La recorrida del Panteón está bien, es como uno
de los puntos obligados en las visitas a París, pero no es mucho más
que un edificio monumental con nombres grabados en piedra, a menos
que te pegue el lado espiritual y sí, estar frente a las tumbas de
Victor Hugo, de Voltaire, de Rousseau, de Marie Curie o Alejandro
Dumas puede alterar los sentidos.
¡Ah! ¡Y el Péndulo de Foucault! ¡El Péndulo de Foucault orginal! Casi me olvido.
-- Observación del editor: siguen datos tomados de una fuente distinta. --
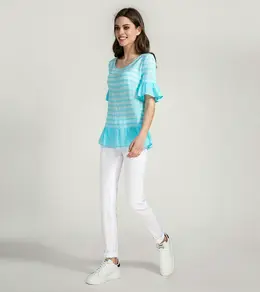 Блузка женская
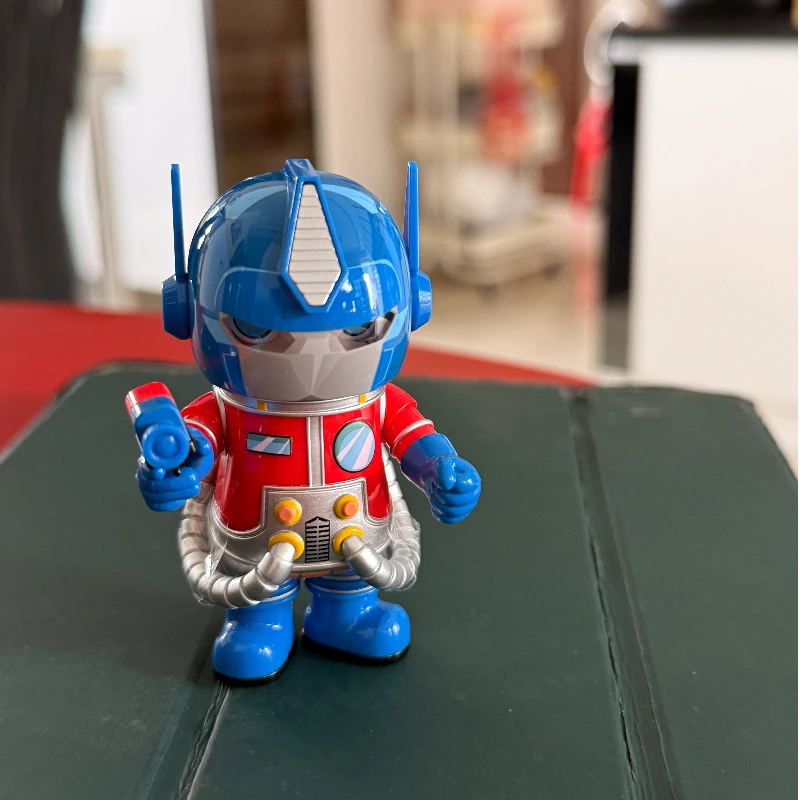 Popmart Genuine Mega Space Molly Anniversary Collection 4 Blind Box Set Fashion Ornament Toys for Birthday Christmas Gift
Popmart Genuine Mega Space Molly Anniversary Collection 4 Blind Box Set Fashion Ornament Toys for Birthday Christmas Gift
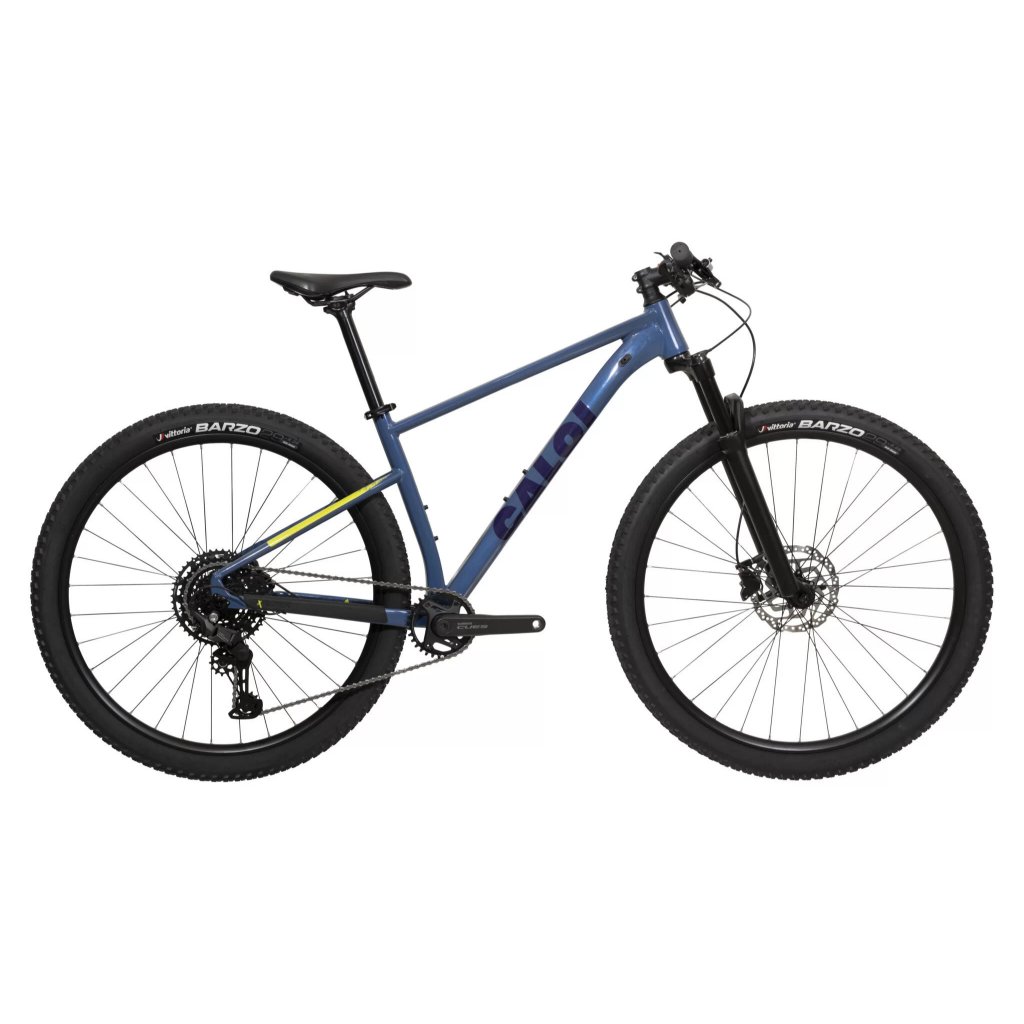 Bicicleta Aro 29 Caloi Explorer Comp SL 10v Mtb 2026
¡Ah! ¡Y el Péndulo de Foucault! ¡El Péndulo de Foucault orginal! Casi me olvido.
A
la salida, y buscando el subte, nos topamos con los Jardines de
Luxemburgo, hermoso parque, donde nos tomamos unos chocolates
calientes mirando a los chicos hacer navegar sus pequeños veleros en
el lago.
Volvimos
al departamento a descansar un par de horas, bajé a comprar una
libreta para escribir todo esto y medio que me colgué en el
supermercado de la esquina y cuando volví me encontré a Caro medio
desencajada porque ya no quedaba tiempo para llegar al barco para la
cena. Salimos corriendo, ya descartando tomar el subte (aunque con el
diario de mañana podemos decir que no deberíamos haberlo hecho) y
tomamos un taxi parisino, nunca, pero nunca, lo volveremos a hacer y
ustedes tampoco deberían repetirlo.
Teníamos
que estar a las 20:15 en el Pont des Arts y el taxista, siendo las
20:10 comenzó a preguntarnos si conocíamos ese puente... Él, el
taxista parisino, nos preguntaba a nosotros si conocíamos el puente,
le dijimos que sí, que era uno antes que el Pont Neuf, cruzó el
Sena y nos pusimos locos, que no, que era de la otra orilla, y ya no
hablábamos ni en francés, ni en castellano ni en ninguna lengua inteligible, y él nos explicaba embarullado que no podía ir por el
otro lado, y que esa era la forma y otra vez cruzar el Sena y
preguntarnos si nos parecía bien bajarnos ahí. Lo miramos y supimos
que si no nos bajábamos íbamos a terminar en Venecia a ese paso.
Obviamente
el infeliz nos había dejado cuatro puentes más abajo, y ya eran las
20:30 pasadas, el barco no nos iba a esperar. Y comencé a correr río
arriba, el casi kilómetro que nos separaba de nuestra cena de
aniversario.
Para
hacerla corta, llegué, sin aliento y en un estado muy poco de
etiqueta, pero llegué. Nos sentamos en nuestra mesa del Bateau
Calife. Había para elegir dos opciones de menú, elegimos uno y uno,
por un lado por el precio y por el otro porque a mí no me gusta
especialmente el foi gras.
El
barco partió hacia el este por el brazo sur del Sena junto a la Isla
de Francia, subió hasta el Ministerio de Economía, la zona más
moderna de la ciudad, y luego bajó por el otro lado del río, hasta
la estatua de la Libertad (la original francesa) pasando por la torre
Eiffel justo cuando comenzó a destellar.
La
cena duró dos horas, pero se mantendrá por siempre como uno de los
momentos más lindos de los últimos años.